Image-caption web data
*** Block opens ***

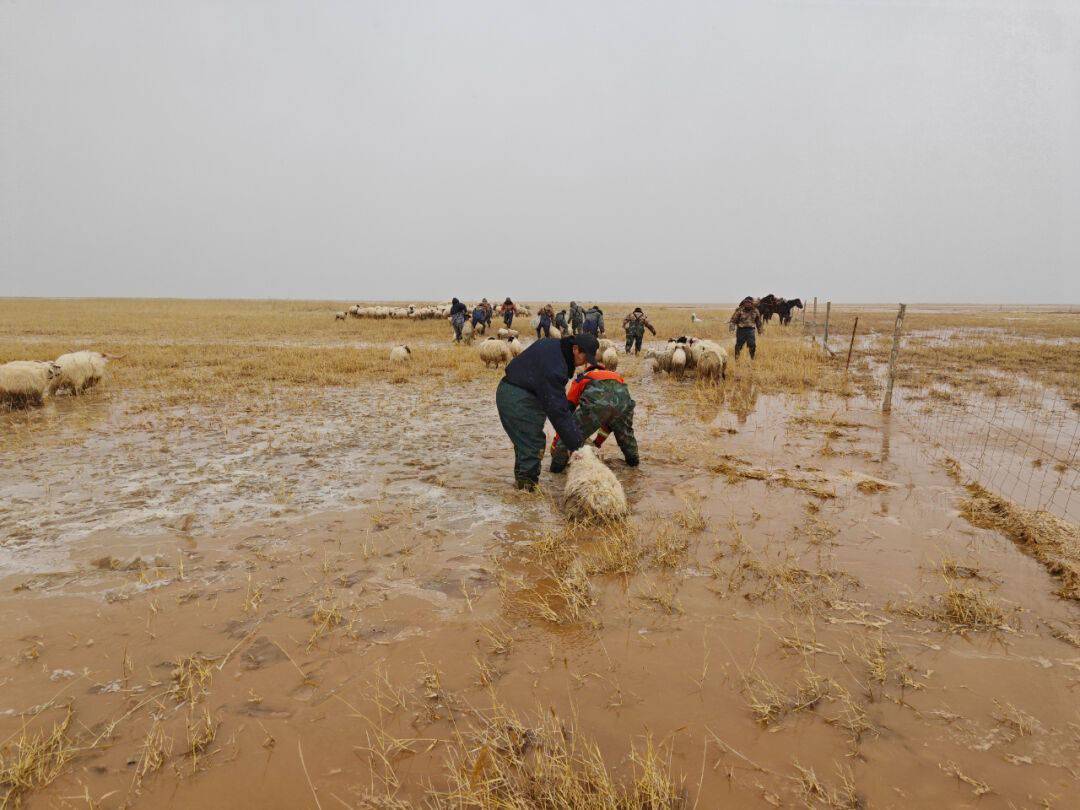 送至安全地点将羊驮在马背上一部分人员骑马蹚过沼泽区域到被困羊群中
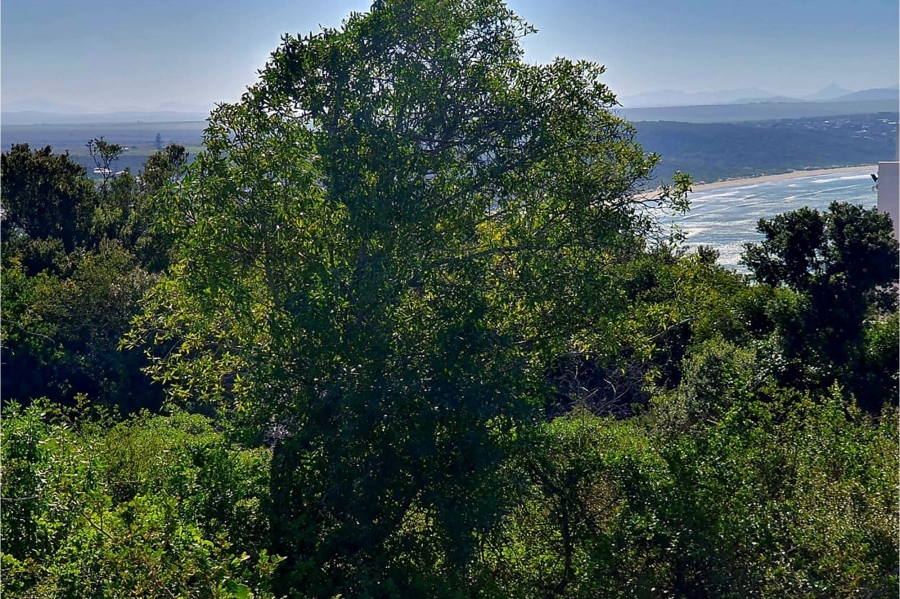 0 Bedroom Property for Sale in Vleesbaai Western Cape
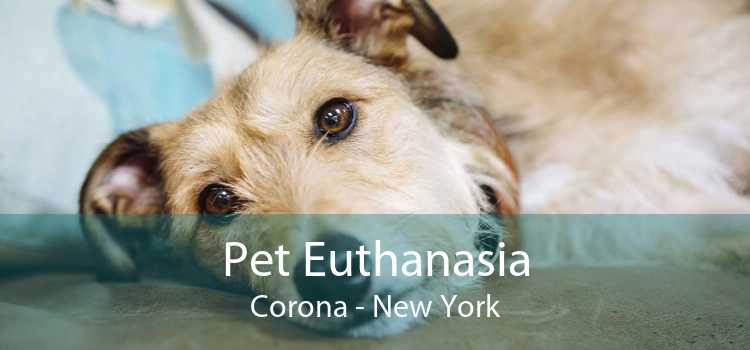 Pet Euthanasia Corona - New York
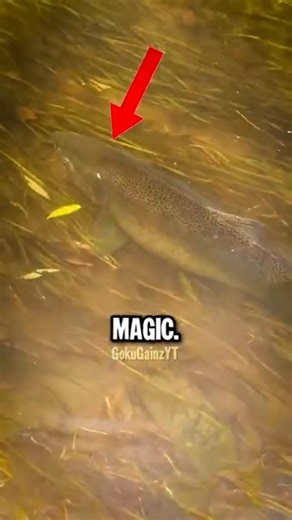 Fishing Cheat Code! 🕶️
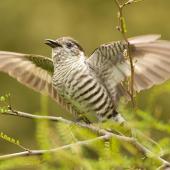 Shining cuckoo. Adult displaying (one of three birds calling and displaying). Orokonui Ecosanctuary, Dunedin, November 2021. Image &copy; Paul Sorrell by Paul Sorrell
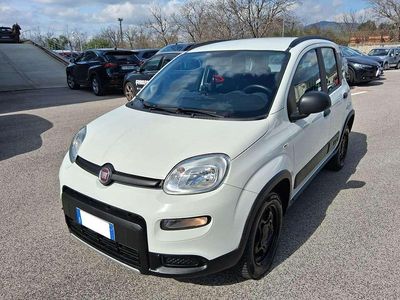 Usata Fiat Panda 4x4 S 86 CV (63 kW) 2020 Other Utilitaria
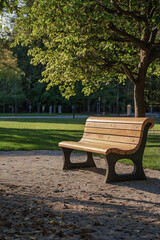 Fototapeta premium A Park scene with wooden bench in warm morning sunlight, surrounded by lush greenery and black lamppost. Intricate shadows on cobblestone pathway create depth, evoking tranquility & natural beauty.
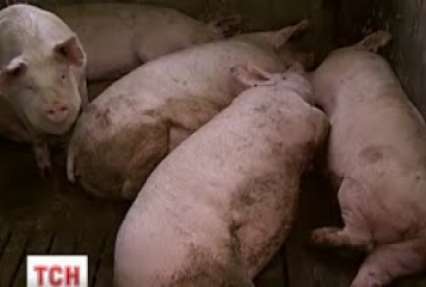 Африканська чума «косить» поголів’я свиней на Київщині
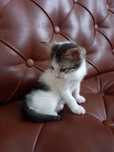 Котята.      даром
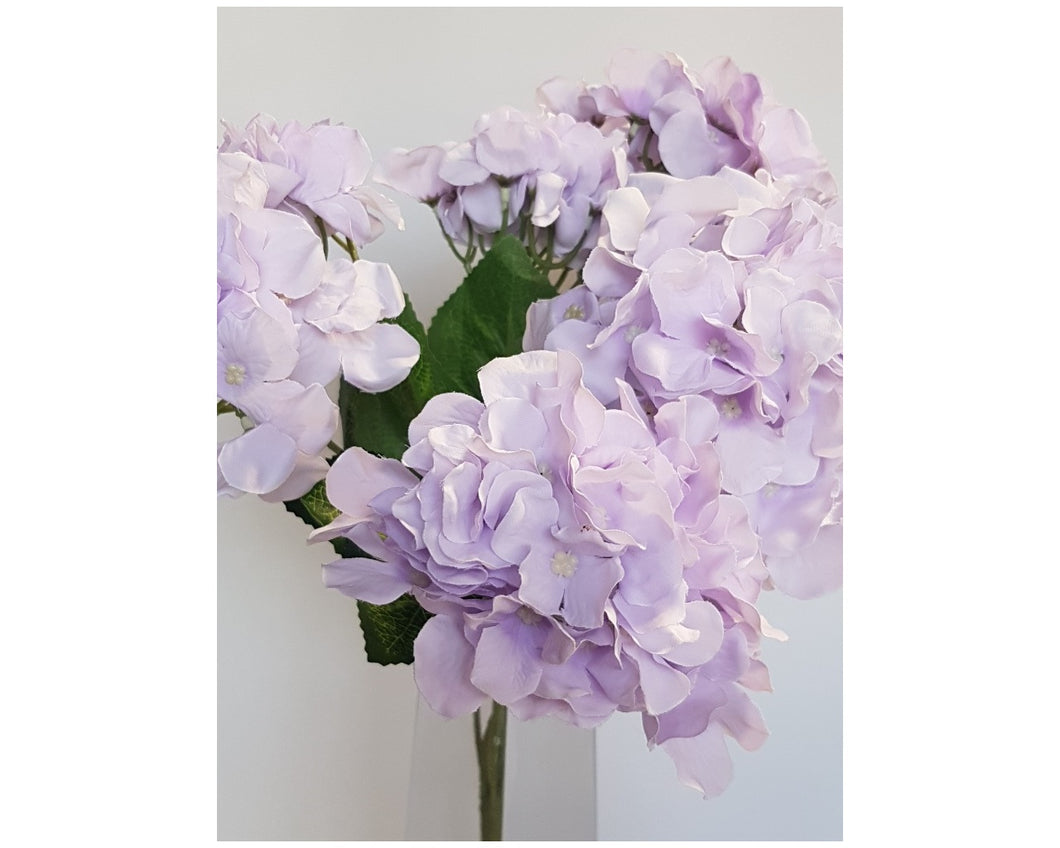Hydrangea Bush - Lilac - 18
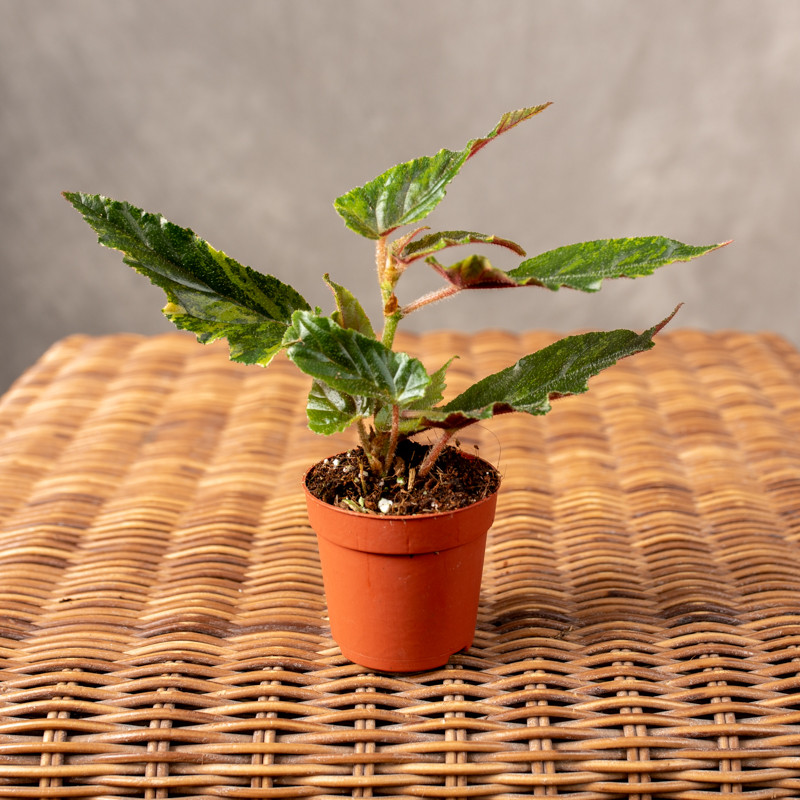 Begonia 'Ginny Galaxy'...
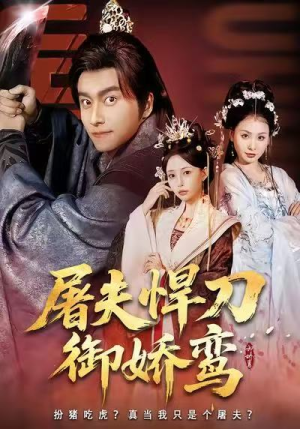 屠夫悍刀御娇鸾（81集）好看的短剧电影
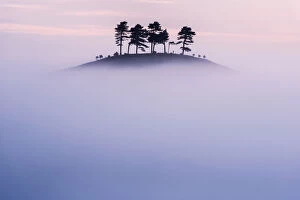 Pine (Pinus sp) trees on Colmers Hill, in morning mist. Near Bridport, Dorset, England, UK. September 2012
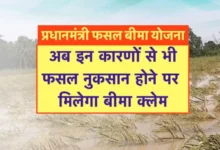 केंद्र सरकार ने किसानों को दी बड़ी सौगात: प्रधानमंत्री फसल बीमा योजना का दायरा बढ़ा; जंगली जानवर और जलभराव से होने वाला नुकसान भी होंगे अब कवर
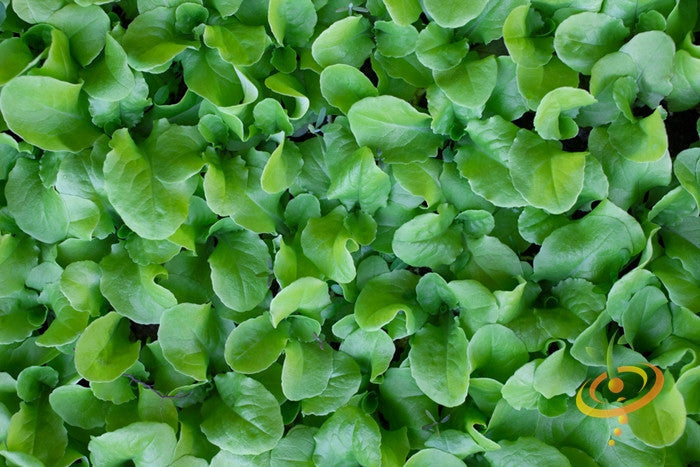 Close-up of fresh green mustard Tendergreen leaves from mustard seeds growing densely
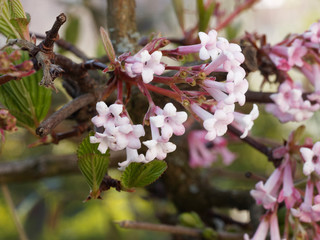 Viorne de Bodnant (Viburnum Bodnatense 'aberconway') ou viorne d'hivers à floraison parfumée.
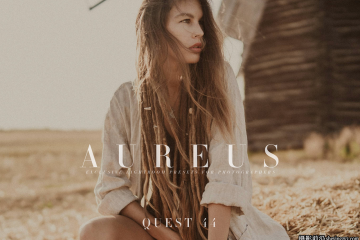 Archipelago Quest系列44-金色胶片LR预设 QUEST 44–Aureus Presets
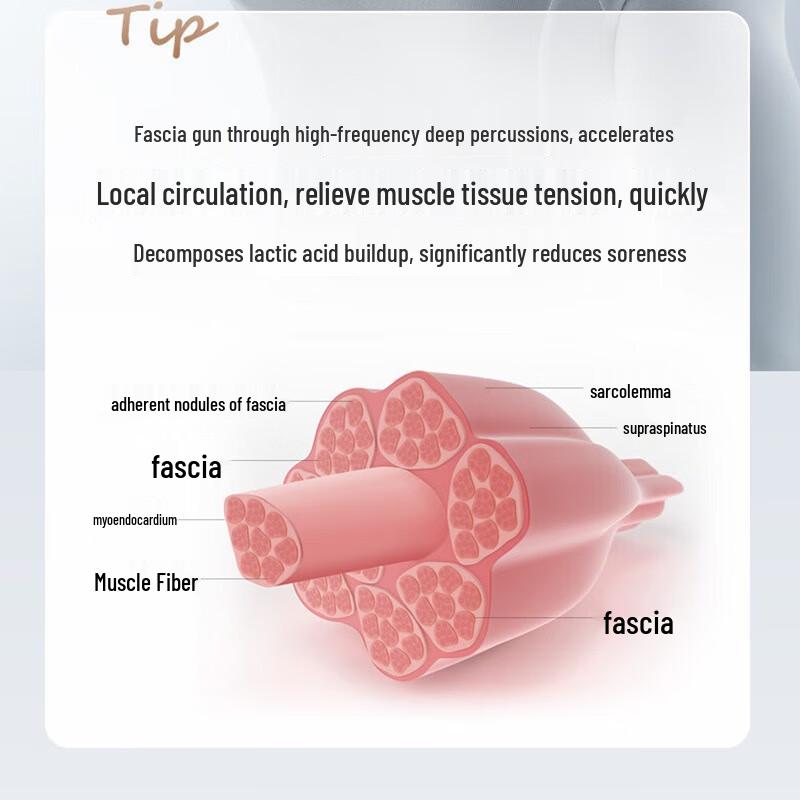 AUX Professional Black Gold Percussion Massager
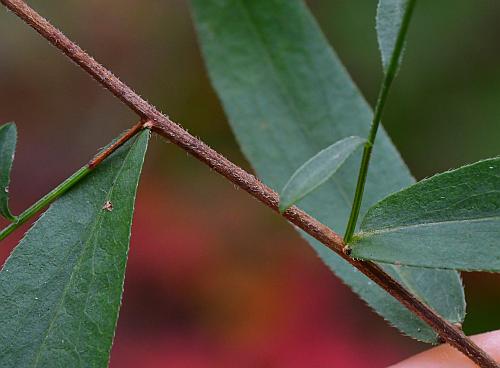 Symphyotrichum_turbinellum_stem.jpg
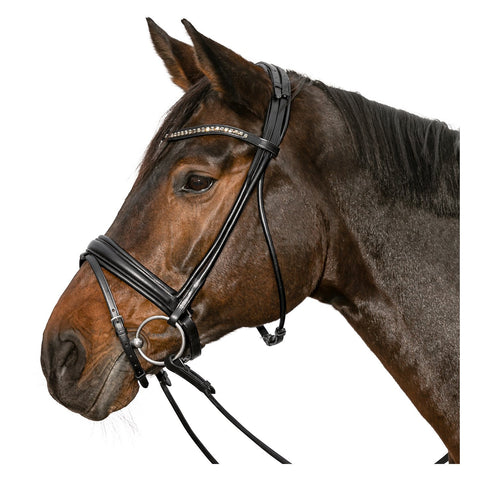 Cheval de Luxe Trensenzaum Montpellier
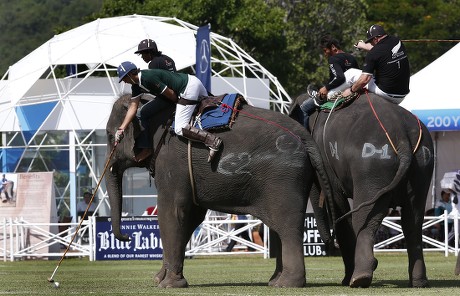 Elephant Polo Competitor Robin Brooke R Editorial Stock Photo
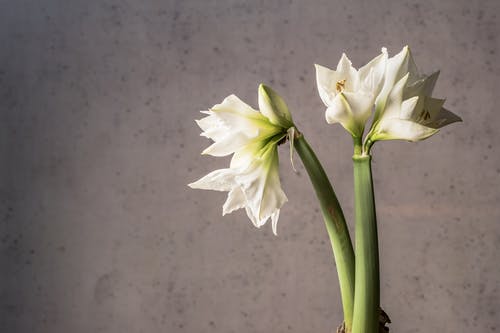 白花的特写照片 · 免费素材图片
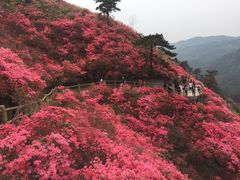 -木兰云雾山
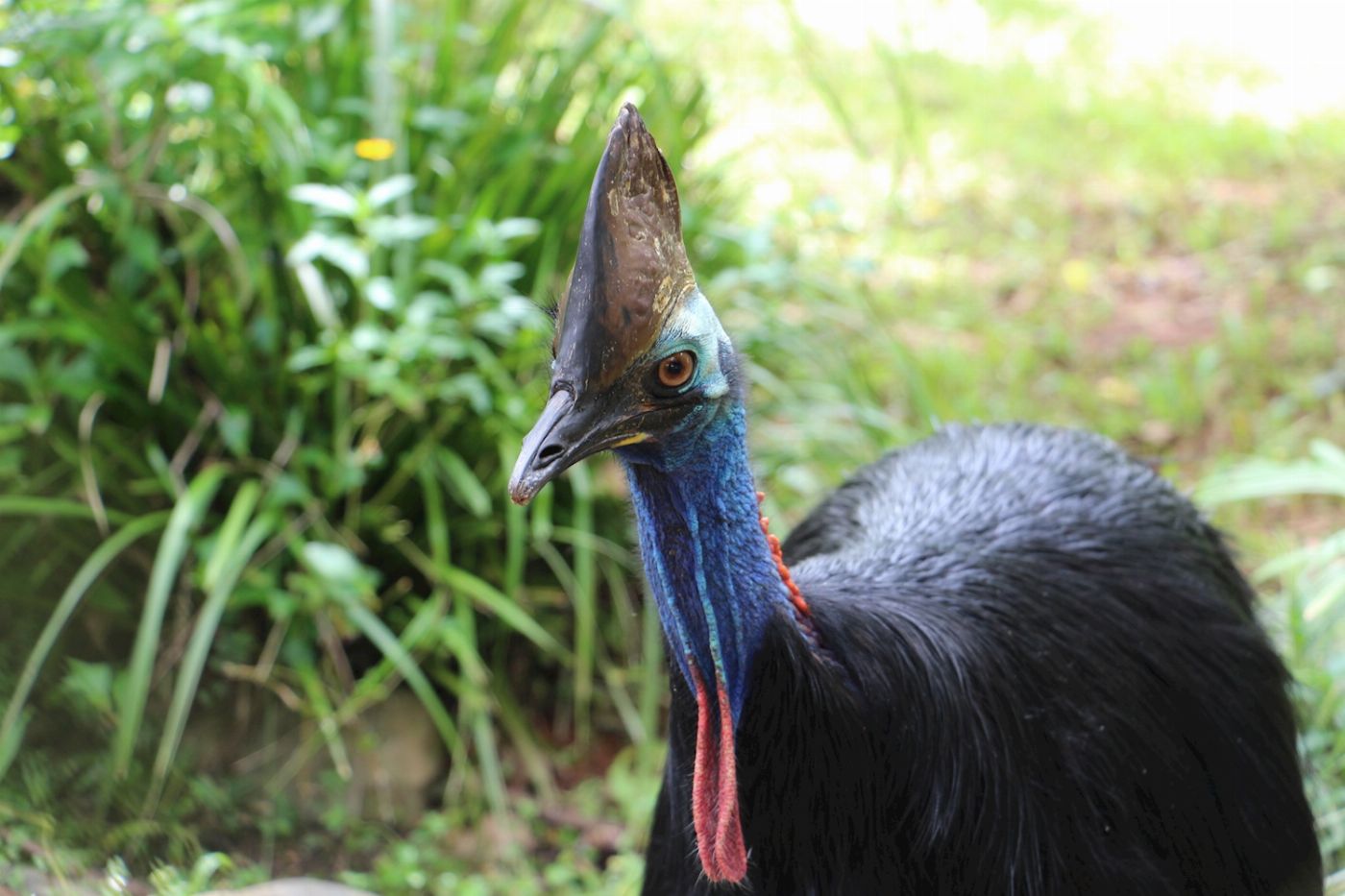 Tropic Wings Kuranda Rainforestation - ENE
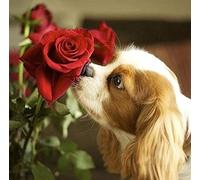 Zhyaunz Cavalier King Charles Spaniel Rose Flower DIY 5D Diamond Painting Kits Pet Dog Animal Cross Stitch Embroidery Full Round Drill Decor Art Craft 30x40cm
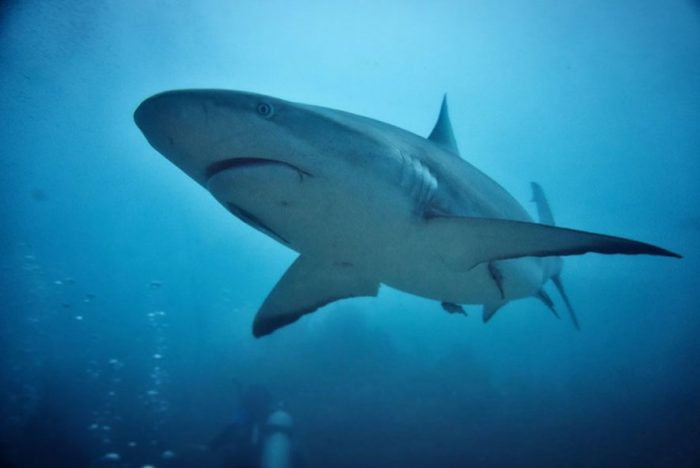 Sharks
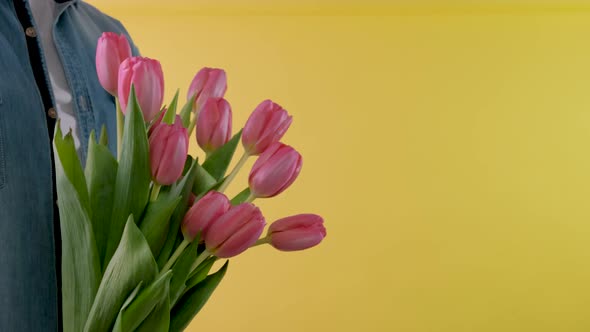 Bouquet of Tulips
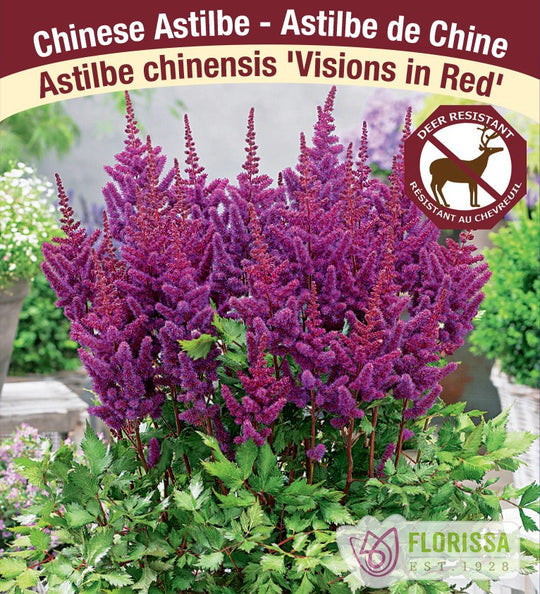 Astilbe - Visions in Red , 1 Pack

*** Block closes ***

WHAT TO PRODUCE
Could you output all of the entries above exactly? Leave the pictures out.

RESPONSE TO THIS EXERCISE
 送至安全地点将羊驮在马背上一部分人员骑马蹚过沼泽区域到被困羊群中
 0 Bedroom Property for Sale in Vleesbaai Western Cape
 Pet Euthanasia Corona - New York
 Fishing Cheat Code! 🕶️
 Shining cuckoo. Adult displaying (one of three birds calling and displaying). Orokonui Ecosanctuary, Dunedin, November 2021. Image &copy; Paul Sorrell by Paul Sorrell
 Usata Fiat Panda 4x4 S 86 CV (63 kW) 2020 Other Utilitaria
 Fototapeta premium A Park scene with wooden bench in warm morning sunlight, surrounded by lush greenery and black lamppost. Intricate shadows on cobblestone pathway create depth, evoking tranquility & natural beauty.
 Африканська чума «косить» поголів’я свиней на Київщині
 Котята.      даром
Hydrangea Bush - Lilac - 18
 Begonia 'Ginny Galaxy'...
 屠夫悍刀御娇鸾（81集）好看的短剧电影
 Pine (Pinus sp) trees on Colmers Hill, in morning mist. Near Bridport, Dorset, England, UK. September 2012
 केंद्र सरकार ने किसानों को दी बड़ी सौगात: प्रधानमंत्री फसल बीमा योजना का दायरा बढ़ा; जंगली जानवर और जलभराव से होने वाला नुकसान भी होंगे अब कवर
 Close-up of fresh green mustard Tendergreen leaves from mustard seeds growing densely
 Viorne de Bodnant (Viburnum Bodnatense 'aberconway') ou viorne d'hivers à floraison parfumée.
 Archipelago Quest系列44-金色胶片LR预设 QUEST 44–Aureus Presets
 AUX Professional Black Gold Percussion Massager
 Symphyotrichum_turbinellum_stem.jpg
 Cheval de Luxe Trensenzaum Montpellier
 Elephant Polo Competitor Robin Brooke R Editorial Stock Photo
 白花的特写照片 · 免费素材图片
 -木兰云雾山
 Tropic Wings Kuranda Rainforestation - ENE
 Zhyaunz Cavalier King Charles Spaniel Rose Flower DIY 5D Diamond Painting Kits Pet Dog Animal Cross Stitch Embroidery Full Round Drill Decor Art Craft 30x40cm
 Sharks
 Bouquet of Tulips
 Astilbe - Visions in Red , 1 Pack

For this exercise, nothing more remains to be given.